Fixed Income Vs Equity

Sometimes I feel that a portfolio manager has the easiest job in the world. I know......most people would disagree with me here...after all the portfolio manager has to keep abreast of the market conditions, stay informed, make intelligent decisions etc etc.

Let's say I give you a million dollars today and tell you that you can invest it anywhere you like. What would you do ? Now don't get into complexities about my "Expected return", "Risk tolerance" and all that b/s. It's a simple question and I expect a simple answer. I'm sure your brain is already calculating the returns that you can generate by investing in fixed income or equity or a combination.

The problem with equity is that you might lose all the money and the problem with fixed income is that you'll face a what if? situation. What if I had gone with equity ? Let me put in another dilemma. Let's say the the returns from fixed income are exactly what you need. It is the perfect investment and it perfectly completes your portfolio....how strong does the lure from equity have to be to make you change your mind.

This is where my point comes in. The portfolio manager doesn't have to think so much, he has an investment mandate, an investment policy statement to guide him. So wouldn't it be so much better if we also had a similar mandate with us.

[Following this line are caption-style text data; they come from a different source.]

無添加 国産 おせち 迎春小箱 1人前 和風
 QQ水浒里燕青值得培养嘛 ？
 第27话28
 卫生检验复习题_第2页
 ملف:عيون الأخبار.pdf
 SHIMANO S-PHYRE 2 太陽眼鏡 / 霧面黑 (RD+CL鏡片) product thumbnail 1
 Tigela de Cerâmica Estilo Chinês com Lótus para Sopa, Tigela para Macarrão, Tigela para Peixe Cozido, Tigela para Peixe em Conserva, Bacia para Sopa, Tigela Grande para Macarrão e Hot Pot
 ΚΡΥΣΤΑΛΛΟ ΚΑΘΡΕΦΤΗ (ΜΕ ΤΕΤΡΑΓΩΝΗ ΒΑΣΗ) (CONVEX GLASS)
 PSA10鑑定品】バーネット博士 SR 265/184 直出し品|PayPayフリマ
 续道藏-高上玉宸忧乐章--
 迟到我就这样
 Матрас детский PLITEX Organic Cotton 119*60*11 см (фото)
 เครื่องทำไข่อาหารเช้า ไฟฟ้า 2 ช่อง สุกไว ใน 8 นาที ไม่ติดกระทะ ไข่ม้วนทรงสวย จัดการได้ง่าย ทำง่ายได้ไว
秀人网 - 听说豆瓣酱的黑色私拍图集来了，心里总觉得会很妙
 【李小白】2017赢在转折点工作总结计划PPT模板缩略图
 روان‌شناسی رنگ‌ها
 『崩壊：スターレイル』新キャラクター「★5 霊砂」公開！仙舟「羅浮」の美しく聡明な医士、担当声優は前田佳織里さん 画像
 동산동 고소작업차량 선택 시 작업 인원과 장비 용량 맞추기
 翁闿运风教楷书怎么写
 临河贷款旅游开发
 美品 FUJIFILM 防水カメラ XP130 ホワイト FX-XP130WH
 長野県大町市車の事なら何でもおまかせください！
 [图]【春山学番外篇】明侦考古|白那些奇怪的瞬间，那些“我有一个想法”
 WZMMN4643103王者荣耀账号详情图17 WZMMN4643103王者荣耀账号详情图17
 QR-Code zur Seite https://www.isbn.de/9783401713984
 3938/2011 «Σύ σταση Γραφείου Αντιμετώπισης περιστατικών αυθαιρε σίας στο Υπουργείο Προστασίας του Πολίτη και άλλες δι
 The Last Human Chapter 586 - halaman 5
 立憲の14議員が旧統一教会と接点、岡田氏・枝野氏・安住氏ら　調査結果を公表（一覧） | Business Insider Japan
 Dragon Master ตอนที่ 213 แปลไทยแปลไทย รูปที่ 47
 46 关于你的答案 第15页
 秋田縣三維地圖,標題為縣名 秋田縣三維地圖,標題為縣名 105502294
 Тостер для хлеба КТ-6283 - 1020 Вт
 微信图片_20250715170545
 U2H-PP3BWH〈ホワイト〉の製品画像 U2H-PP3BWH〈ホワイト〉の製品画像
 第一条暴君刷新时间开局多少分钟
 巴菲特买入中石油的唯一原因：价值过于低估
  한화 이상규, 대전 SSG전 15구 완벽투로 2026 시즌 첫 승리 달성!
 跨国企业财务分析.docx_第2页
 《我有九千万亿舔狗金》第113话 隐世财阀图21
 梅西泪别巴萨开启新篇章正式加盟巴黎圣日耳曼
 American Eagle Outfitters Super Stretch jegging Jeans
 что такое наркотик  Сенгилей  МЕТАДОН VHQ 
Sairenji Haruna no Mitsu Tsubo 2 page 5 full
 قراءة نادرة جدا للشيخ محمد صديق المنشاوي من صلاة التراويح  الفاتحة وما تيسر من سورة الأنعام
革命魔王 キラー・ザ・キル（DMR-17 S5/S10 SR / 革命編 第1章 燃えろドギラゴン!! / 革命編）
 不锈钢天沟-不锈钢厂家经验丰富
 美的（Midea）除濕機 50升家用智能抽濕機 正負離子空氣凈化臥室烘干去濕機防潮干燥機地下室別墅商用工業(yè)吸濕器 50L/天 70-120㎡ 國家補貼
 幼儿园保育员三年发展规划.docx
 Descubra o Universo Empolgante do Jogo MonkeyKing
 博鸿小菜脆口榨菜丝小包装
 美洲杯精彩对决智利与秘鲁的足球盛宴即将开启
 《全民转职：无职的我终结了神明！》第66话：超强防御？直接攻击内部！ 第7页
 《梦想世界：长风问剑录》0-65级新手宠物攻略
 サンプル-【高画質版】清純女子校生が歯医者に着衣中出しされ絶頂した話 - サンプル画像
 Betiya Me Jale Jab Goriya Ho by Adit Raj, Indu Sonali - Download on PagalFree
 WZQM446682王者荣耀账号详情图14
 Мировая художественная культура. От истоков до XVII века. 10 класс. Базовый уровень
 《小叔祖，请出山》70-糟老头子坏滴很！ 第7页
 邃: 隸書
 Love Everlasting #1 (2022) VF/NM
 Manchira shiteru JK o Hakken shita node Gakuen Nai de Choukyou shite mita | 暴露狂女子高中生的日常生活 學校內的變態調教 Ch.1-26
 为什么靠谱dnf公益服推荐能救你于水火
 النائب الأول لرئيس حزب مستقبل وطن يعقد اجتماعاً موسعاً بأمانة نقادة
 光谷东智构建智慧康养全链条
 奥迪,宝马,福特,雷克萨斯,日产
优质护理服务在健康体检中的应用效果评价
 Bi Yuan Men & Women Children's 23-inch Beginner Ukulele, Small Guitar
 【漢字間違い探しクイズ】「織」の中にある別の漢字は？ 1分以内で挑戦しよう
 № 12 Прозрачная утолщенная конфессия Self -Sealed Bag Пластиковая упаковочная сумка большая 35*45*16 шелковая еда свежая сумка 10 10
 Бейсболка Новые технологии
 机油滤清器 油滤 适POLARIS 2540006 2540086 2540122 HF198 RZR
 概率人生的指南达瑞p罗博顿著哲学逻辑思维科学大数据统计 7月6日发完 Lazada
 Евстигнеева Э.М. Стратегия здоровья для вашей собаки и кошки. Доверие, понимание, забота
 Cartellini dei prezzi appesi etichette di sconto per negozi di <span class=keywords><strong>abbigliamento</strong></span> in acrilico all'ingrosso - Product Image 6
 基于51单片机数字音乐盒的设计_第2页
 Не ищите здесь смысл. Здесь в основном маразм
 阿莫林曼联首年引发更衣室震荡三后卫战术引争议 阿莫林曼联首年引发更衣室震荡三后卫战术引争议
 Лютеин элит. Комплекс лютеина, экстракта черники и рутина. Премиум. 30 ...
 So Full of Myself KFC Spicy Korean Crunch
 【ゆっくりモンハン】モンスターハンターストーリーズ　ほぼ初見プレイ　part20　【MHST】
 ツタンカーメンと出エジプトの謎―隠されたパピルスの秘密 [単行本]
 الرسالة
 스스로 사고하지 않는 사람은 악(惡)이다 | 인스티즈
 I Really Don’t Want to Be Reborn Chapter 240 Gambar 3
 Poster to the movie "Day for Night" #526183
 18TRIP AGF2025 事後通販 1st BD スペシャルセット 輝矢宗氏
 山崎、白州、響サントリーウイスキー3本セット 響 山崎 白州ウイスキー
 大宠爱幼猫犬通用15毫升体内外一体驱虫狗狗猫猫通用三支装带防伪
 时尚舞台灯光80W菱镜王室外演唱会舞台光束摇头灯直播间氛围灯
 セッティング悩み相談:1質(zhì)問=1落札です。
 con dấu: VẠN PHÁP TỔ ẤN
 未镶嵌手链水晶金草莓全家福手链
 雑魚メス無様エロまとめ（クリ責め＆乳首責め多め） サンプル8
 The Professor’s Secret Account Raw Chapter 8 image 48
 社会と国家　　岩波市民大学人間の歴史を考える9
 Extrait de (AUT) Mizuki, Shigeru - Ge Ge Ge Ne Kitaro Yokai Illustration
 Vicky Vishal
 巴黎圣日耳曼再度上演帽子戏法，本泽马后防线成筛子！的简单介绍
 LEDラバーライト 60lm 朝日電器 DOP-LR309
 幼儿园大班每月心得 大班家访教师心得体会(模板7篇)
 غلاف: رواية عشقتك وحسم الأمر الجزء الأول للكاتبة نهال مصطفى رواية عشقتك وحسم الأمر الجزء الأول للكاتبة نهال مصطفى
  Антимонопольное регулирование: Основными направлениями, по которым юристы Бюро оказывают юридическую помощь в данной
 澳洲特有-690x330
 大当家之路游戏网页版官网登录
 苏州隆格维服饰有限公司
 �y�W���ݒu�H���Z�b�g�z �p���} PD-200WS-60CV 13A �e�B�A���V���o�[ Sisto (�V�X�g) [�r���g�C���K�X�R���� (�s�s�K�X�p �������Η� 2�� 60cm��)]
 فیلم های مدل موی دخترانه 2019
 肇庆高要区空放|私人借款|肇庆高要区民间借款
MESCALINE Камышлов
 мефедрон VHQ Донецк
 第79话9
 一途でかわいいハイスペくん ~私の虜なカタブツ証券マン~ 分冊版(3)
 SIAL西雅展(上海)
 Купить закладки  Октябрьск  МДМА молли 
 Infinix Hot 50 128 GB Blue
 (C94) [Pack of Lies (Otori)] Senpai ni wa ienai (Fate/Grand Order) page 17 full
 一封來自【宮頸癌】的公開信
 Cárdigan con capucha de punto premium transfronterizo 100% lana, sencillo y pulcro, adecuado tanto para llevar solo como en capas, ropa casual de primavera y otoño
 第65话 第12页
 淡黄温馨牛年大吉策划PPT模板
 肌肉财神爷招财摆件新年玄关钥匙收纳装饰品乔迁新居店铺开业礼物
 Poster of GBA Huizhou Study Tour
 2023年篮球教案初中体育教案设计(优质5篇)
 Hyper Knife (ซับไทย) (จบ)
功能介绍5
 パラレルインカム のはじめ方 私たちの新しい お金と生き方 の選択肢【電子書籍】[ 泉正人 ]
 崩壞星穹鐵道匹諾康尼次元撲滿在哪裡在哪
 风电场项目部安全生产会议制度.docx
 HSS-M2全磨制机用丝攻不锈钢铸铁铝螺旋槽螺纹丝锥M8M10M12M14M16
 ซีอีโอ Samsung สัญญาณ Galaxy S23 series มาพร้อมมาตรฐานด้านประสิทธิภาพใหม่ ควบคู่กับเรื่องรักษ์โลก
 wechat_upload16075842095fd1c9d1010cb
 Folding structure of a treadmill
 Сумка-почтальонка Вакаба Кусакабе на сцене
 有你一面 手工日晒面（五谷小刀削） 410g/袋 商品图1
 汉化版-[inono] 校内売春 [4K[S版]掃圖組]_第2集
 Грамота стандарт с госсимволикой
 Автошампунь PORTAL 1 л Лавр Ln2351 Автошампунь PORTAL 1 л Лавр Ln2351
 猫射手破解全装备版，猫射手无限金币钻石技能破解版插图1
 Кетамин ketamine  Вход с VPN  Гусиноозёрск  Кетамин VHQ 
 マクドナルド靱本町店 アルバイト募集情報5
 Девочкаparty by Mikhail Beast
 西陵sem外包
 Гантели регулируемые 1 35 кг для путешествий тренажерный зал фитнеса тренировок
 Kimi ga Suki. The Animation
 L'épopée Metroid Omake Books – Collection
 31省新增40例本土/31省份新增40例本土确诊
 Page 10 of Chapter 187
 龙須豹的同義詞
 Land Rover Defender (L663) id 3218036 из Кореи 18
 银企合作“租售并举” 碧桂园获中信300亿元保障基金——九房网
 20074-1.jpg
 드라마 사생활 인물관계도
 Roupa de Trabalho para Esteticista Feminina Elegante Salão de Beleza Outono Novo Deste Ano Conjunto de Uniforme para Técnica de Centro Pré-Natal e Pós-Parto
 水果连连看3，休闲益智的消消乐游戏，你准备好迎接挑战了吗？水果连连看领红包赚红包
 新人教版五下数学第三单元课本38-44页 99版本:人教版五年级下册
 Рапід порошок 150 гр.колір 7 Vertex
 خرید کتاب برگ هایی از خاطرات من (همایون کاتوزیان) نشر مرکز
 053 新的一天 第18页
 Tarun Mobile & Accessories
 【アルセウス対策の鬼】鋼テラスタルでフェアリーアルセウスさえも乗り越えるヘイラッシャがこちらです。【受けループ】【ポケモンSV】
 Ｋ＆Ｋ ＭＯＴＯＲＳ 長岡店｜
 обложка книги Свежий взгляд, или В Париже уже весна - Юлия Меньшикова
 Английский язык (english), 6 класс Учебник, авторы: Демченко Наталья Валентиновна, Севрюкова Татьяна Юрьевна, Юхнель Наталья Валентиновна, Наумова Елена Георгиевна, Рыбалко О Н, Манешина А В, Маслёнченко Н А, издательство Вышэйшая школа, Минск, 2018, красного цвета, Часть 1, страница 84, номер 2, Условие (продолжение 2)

Well, apparently that is not the case. Every day we encounter situations where we need to make a choice. Some are big decisions, others are relatively insignificant, but they all boil down to the same thing: Should I go for the safety of fixed income or should I speculate with equity. Each has its own merits and weaknesses. So in essence sometimes it's just better to not have a choice, it just makes your life simpler.

"I know I'm right.......I just don't trust myself"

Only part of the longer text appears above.